I had a chance to use a Lytro and can honestly say, I would not spend a penny over $20 for it.

Most normal images (by normal I mean the common photo that the average person would take with their camera) do not show any benefit of the light field crap, the shots have to be macro and there is only a specific range at which the objects are located (generally around 1-4 feet).

It also seems to behave like a focus bracketed image as there are certain locations where you know for a fact that it is further away but it shows no difference. For example You take a picture of a basketball that is about 1.5 feet away and the focus adjustment is not gradual, I cant click every few pixels across it and have it bring different parts of the ball into focus, it just snaps when you get to an area that is far enough.

Overall as it is now, it is a horrible camera that reminds me of a bad cellphone camera.

0 upvotes
OpticsEngineer
By OpticsEngineer (Oct 13, 2012)

I bought a Lytro a month ago to evaluate for inspection applications. And up to a couple of days ago I agreed with all the comments about how unsuited it is for "photography" or the consumer market. The resolution is poor by modern standards, the screen is tiny, hard to focus, and it is awkward to hold. But then I had the strangest experience. First I spent an hour with my images, clicking here and there to refocus on different regions. Then I went to the Lytro website and played with contest winnning images. Then I came back to Dpreview as usual and looked at pictures here. All of sudden, what I knew were good pictures seemed dull, lifeless, flat. You could not do anything with them. You just look at them. Lytro has created something that is more engaging than a photograph. It is fun to explore them. Fun to puzzle out what the Lytrographer had in mind for you to play with. Sometimes obvious, sometimes subtle. It opens up entirely new ways to be creative.

0 upvotes
Chekr
By Chekr (Oct 12, 2012)

I would actually give this a try if the images format was an open standard...at this stage you can either view the images in the desktop program from Lytro or export them as flash files. Given that flash is well and truly on the decline and Lytro could disappear next year, remind me why I would commit my memories to this technology with proprietary image formats...

0 upvotes
Joseph S Wisniewski
By Joseph S Wisniewski (Oct 13, 2012)

What would you do with the image data if it were an one standard? The system is effectively dead, no one else is ever going to write software to deal with the files.

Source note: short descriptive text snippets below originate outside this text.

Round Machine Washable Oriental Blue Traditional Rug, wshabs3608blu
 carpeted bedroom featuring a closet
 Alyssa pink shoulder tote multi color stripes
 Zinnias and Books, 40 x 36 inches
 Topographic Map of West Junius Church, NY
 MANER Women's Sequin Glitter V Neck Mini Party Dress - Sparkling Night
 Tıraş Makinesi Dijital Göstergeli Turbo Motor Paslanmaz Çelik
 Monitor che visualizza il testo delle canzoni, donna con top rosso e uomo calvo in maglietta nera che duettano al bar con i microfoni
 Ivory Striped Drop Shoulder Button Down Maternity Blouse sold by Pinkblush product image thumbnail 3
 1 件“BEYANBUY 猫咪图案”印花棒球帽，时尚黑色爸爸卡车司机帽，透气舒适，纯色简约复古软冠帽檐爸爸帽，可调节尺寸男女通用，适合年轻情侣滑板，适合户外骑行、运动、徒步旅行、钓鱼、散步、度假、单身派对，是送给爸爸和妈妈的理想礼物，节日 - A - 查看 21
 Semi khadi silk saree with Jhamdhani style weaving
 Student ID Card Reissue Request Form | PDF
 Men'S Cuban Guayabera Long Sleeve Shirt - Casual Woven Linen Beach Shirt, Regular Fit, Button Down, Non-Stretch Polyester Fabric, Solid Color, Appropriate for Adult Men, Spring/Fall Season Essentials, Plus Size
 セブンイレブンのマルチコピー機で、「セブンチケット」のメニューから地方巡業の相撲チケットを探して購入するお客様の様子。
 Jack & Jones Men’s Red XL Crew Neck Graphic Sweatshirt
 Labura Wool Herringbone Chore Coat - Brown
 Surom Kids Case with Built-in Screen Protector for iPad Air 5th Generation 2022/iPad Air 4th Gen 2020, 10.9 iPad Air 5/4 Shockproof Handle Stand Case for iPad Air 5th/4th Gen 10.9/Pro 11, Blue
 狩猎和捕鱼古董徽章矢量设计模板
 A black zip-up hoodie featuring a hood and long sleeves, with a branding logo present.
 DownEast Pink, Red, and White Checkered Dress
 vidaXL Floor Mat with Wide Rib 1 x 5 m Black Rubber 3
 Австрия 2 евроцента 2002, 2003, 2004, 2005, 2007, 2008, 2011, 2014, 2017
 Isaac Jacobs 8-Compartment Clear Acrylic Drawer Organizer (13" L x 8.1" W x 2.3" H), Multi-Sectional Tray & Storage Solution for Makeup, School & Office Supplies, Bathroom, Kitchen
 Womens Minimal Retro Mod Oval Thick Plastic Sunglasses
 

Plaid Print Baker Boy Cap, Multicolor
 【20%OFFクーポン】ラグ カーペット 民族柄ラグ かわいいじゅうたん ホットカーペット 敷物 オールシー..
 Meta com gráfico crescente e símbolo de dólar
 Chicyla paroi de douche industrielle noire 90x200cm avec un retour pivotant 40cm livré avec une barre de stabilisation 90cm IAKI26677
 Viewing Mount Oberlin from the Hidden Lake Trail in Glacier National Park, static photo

You'd need them not only to open the standard, but to open the source to the software.

1 upvote
Ryan Williams
By Ryan Williams (Oct 12, 2012)

The main problem with the Lytro seems to be that they're targeting a technology that's invariably going to be found most appealing by enthusiasts at the casual market. All these pretty colours, fancy marketing, etc aren't going to obscure its shortcomings from us, and the casual types they're seemingly trying to appeal to aren't going to bother with something so weird-looking and niche.

I understand they need to take small steps initially while funding is low and the market needs to be proven, but putting out products that simply aren't viable isn't going to help matters. Lytro need to take some inspiration from Fujifilm's marketing and put together a product and campaign that speaks to us enthusiasts who can see the technological potential of light field photography, rather than something hampered to the point of uselessness by production costs and marketing misfires.

0 upvotes
Gaffman
By Gaffman (Oct 10, 2012)

Lytro's just arrived in my shop today (Aus). I love that someone is trying to bring something genuinely new to the market. In its current form it may not set the photography world on fire but it hardly deserves the pasting it's received from most of you.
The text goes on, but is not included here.